* [Exercise requirements]: The material below holds pictures, which are to be left out; copy exactly the lines from the one with "Plomeur House |" through the one with "Presentación de la".

--- START ---

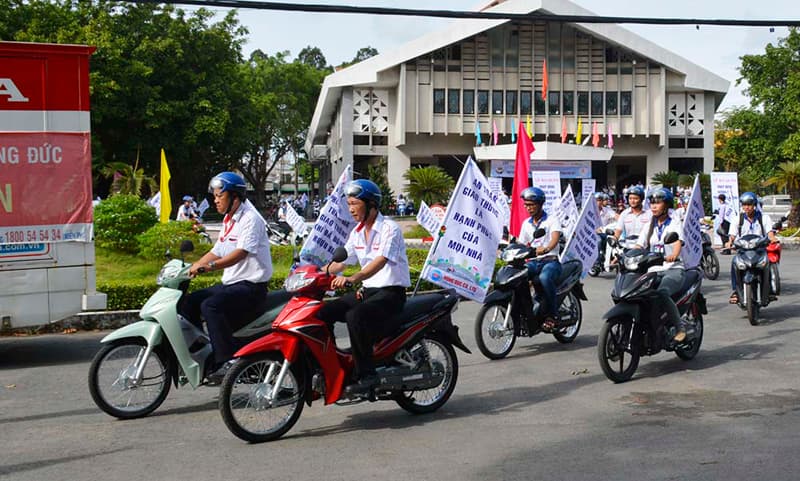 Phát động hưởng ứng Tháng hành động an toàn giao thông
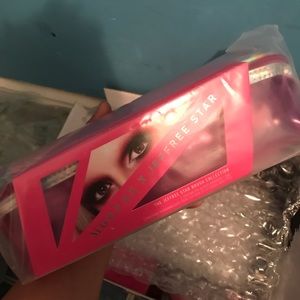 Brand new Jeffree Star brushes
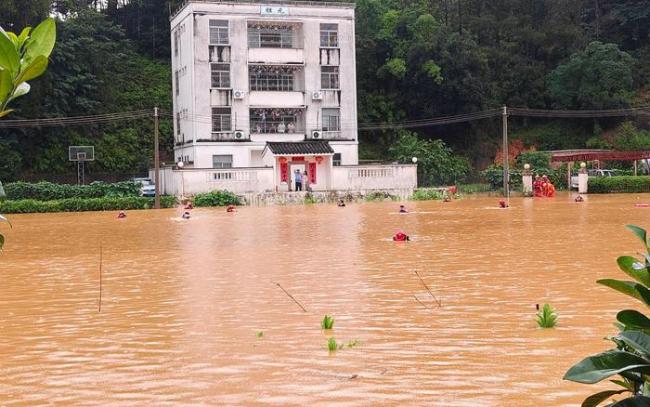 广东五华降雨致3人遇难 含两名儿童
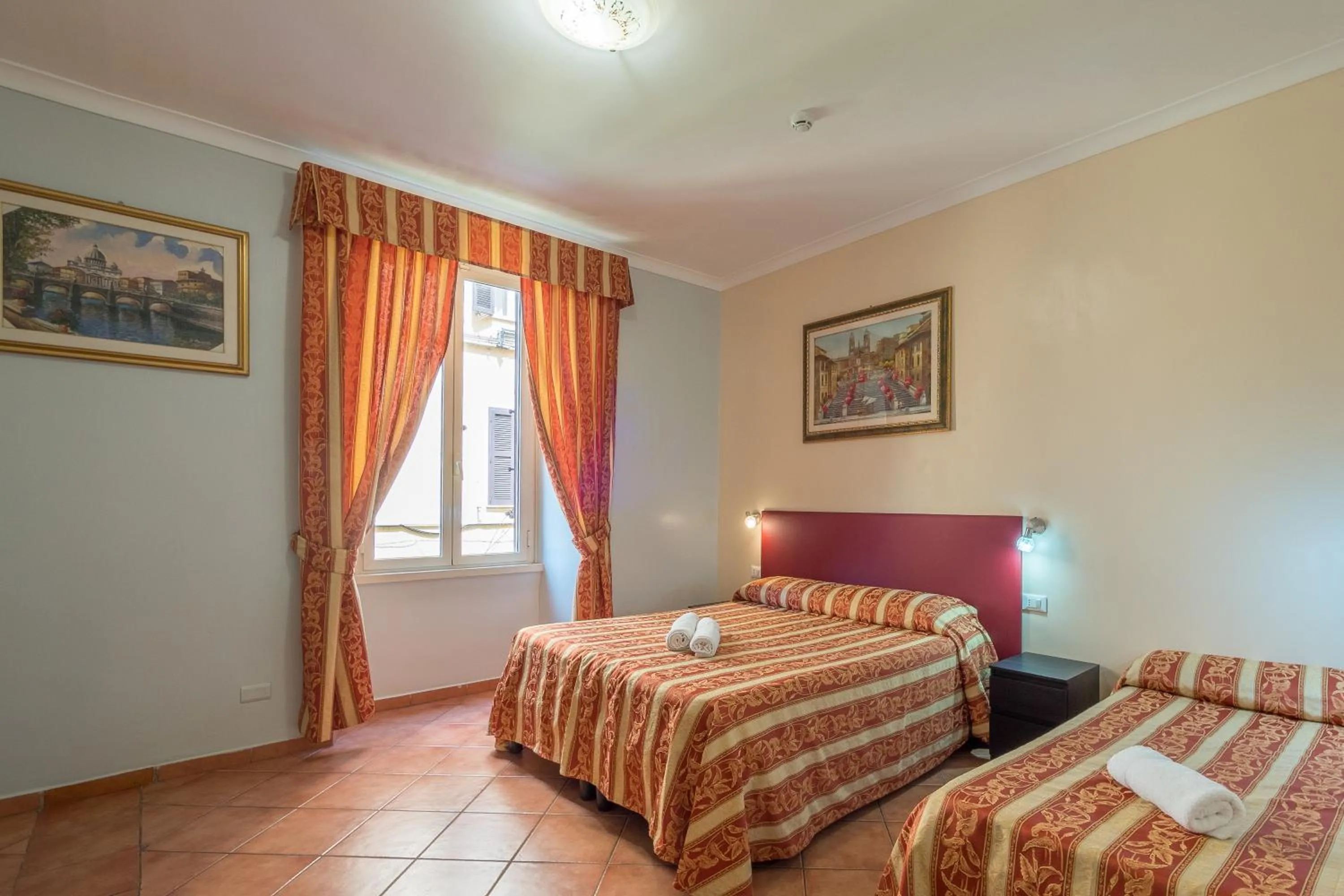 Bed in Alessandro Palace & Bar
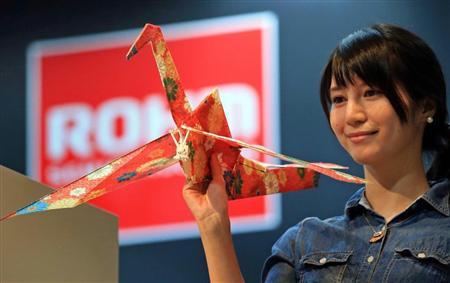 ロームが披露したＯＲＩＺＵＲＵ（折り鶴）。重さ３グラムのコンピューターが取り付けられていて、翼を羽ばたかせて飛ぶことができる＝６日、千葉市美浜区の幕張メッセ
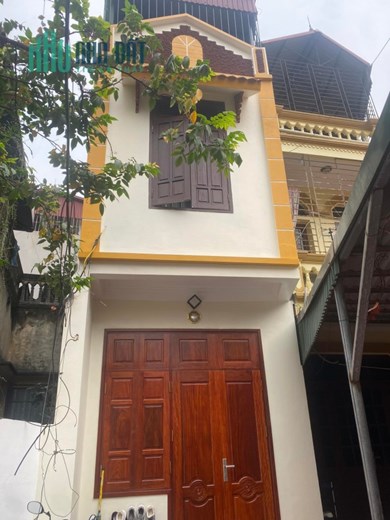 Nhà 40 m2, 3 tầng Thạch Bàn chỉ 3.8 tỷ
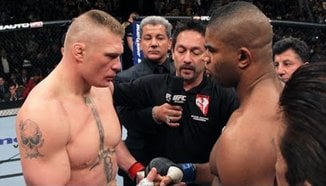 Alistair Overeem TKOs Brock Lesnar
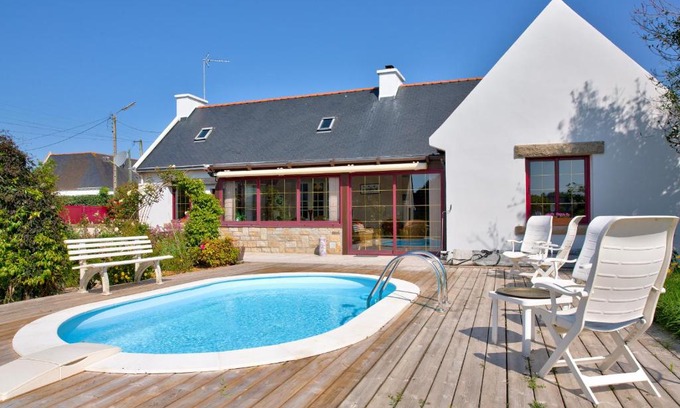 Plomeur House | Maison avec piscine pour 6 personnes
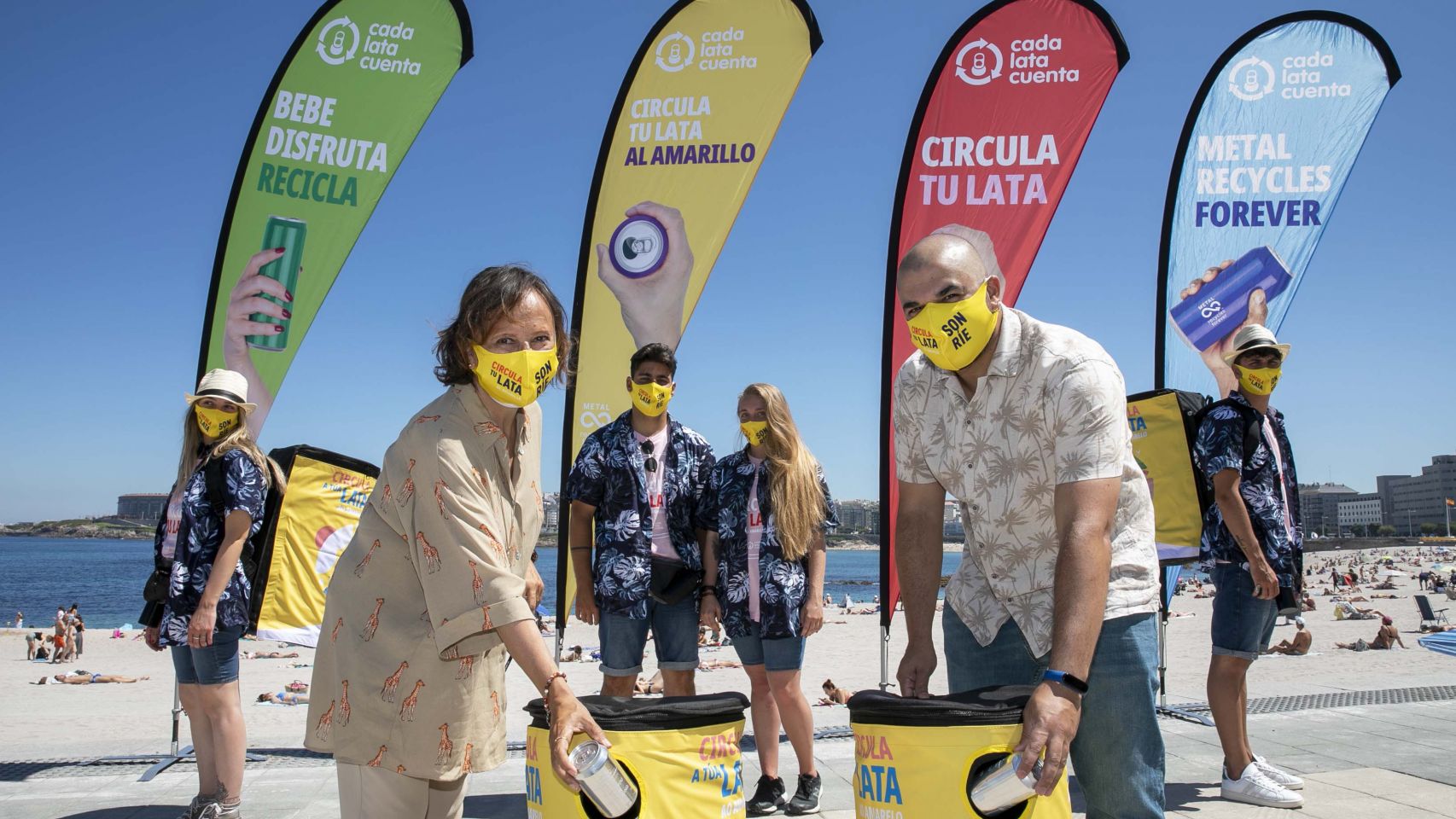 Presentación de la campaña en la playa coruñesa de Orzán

--- END ---
--- START ---

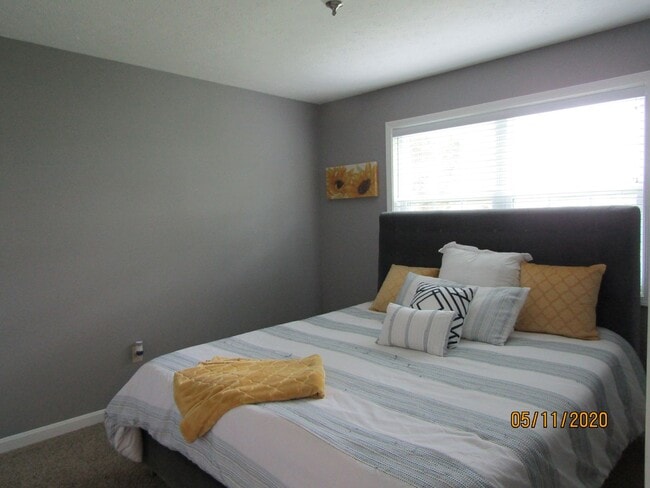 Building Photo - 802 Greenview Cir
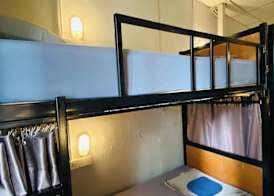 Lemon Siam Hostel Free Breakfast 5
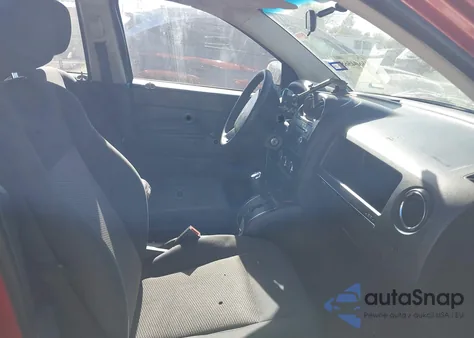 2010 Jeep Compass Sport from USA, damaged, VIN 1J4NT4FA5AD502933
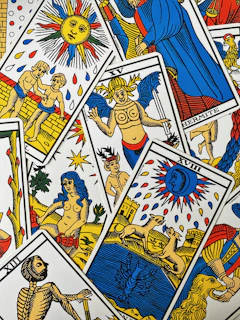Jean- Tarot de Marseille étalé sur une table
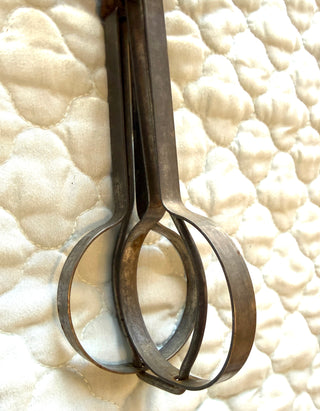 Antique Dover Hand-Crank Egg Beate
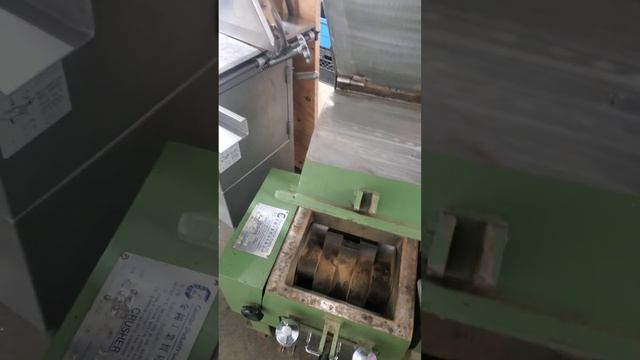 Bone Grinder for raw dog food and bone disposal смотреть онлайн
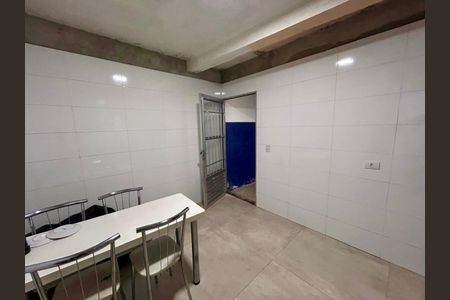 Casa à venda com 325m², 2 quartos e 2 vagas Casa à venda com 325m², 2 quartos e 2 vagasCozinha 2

--- END ---

* [Written answer]:
 Plomeur House | Maison avec piscine pour 6 personnes
 Presentación de la campaña en la playa coruñesa de Orzán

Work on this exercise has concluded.